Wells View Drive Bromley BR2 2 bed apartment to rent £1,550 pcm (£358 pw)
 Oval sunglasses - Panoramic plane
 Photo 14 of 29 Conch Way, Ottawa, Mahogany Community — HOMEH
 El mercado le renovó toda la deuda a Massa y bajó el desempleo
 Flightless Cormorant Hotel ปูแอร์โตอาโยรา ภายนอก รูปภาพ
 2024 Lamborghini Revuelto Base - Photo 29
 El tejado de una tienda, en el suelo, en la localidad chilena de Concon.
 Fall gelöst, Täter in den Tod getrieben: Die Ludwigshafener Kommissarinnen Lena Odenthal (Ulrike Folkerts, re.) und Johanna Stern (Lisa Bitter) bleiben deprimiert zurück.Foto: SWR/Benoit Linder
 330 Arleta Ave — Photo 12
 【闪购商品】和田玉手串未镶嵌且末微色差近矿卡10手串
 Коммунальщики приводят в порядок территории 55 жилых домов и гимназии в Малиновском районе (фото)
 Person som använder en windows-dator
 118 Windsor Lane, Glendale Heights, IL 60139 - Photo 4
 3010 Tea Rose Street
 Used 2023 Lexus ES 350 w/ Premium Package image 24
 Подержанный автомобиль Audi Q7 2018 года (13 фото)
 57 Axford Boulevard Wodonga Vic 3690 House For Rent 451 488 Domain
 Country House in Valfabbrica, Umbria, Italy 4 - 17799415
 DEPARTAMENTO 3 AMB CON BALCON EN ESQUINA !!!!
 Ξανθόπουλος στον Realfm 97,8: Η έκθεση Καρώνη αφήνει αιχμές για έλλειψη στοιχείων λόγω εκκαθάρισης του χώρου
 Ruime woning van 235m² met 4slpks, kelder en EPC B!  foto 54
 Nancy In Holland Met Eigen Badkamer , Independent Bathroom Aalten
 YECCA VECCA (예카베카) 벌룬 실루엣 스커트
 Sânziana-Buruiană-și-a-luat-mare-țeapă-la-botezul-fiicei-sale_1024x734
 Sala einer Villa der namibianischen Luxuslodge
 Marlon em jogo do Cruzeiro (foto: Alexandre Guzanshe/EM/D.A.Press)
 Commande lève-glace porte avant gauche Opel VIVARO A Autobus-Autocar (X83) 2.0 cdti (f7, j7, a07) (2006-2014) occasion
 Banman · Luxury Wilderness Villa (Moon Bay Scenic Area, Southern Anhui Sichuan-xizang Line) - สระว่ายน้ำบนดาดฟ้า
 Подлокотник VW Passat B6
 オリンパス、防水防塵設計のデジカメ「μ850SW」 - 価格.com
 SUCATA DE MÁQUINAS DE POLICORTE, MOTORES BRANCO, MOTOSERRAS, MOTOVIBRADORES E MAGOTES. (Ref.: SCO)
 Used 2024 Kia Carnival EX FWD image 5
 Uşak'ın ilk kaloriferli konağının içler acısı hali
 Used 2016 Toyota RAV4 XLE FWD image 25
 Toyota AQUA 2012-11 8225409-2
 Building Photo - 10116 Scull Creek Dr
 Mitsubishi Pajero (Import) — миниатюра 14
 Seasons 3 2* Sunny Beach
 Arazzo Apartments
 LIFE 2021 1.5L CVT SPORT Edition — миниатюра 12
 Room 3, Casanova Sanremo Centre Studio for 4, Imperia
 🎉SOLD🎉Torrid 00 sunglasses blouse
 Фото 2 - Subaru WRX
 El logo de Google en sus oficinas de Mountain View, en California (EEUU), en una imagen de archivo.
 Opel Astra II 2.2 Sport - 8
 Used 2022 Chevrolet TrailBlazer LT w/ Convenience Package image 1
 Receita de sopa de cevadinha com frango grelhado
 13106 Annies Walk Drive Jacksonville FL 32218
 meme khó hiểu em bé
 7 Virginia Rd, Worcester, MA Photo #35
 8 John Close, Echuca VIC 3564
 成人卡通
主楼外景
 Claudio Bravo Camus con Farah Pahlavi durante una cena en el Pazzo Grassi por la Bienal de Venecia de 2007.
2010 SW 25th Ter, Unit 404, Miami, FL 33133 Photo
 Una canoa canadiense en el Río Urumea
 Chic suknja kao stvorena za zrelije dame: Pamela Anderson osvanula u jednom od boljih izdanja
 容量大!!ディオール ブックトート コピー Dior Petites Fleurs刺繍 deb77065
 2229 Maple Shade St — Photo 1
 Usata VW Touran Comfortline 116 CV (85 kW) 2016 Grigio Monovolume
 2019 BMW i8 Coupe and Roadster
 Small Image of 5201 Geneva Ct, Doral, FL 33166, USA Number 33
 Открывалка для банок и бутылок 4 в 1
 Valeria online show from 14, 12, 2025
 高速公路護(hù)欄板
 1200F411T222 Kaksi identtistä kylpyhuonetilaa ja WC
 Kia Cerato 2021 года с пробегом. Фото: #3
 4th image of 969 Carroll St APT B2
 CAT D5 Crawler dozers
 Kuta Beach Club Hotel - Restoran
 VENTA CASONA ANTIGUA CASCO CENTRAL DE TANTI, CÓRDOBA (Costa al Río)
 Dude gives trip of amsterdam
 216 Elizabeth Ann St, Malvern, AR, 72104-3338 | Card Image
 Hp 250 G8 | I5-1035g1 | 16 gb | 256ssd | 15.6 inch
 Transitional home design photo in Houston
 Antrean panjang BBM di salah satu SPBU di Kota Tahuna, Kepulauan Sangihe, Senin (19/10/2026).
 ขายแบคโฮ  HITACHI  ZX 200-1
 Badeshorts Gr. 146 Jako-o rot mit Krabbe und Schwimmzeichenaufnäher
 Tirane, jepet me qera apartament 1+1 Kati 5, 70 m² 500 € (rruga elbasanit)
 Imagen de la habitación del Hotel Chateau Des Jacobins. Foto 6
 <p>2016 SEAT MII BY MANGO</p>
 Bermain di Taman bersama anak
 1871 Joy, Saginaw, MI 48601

========

Copy exactly the stretch of data above from the line with "Building Photo - 10116 Scull Creek Dr" through the line with "Badeshorts Gr. 146", and omit all other lines.

#### Output of the exercise:
 Building Photo - 10116 Scull Creek Dr
 Mitsubishi Pajero (Import) — миниатюра 14
 Seasons 3 2* Sunny Beach
 Arazzo Apartments
 LIFE 2021 1.5L CVT SPORT Edition — миниатюра 12
 Room 3, Casanova Sanremo Centre Studio for 4, Imperia
 🎉SOLD🎉Torrid 00 sunglasses blouse
 Фото 2 - Subaru WRX
 El logo de Google en sus oficinas de Mountain View, en California (EEUU), en una imagen de archivo.
 Opel Astra II 2.2 Sport - 8
 Used 2022 Chevrolet TrailBlazer LT w/ Convenience Package image 1
 Receita de sopa de cevadinha com frango grelhado
 13106 Annies Walk Drive Jacksonville FL 32218
 meme khó hiểu em bé
 7 Virginia Rd, Worcester, MA Photo #35
 8 John Close, Echuca VIC 3564
 成人卡通
主楼外景
 Claudio Bravo Camus con Farah Pahlavi durante una cena en el Pazzo Grassi por la Bienal de Venecia de 2007.
2010 SW 25th Ter, Unit 404, Miami, FL 33133 Photo
 Una canoa canadiense en el Río Urumea
 Chic suknja kao stvorena za zrelije dame: Pamela Anderson osvanula u jednom od boljih izdanja
 容量大!!ディオール ブックトート コピー Dior Petites Fleurs刺繍 deb77065
 2229 Maple Shade St — Photo 1
 Usata VW Touran Comfortline 116 CV (85 kW) 2016 Grigio Monovolume
 2019 BMW i8 Coupe and Roadster
 Small Image of 5201 Geneva Ct, Doral, FL 33166, USA Number 33
 Открывалка для банок и бутылок 4 в 1
 Valeria online show from 14, 12, 2025
 高速公路護(hù)欄板
 1200F411T222 Kaksi identtistä kylpyhuonetilaa ja WC
 Kia Cerato 2021 года с пробегом. Фото: #3
 4th image of 969 Carroll St APT B2
 CAT D5 Crawler dozers
 Kuta Beach Club Hotel - Restoran
 VENTA CASONA ANTIGUA CASCO CENTRAL DE TANTI, CÓRDOBA (Costa al Río)
 Dude gives trip of amsterdam
 216 Elizabeth Ann St, Malvern, AR, 72104-3338 | Card Image
 Hp 250 G8 | I5-1035g1 | 16 gb | 256ssd | 15.6 inch
 Transitional home design photo in Houston
 Antrean panjang BBM di salah satu SPBU di Kota Tahuna, Kepulauan Sangihe, Senin (19/10/2026).
 ขายแบคโฮ  HITACHI  ZX 200-1
 Badeshorts Gr. 146 Jako-o rot mit Krabbe und Schwimmzeichenaufnäher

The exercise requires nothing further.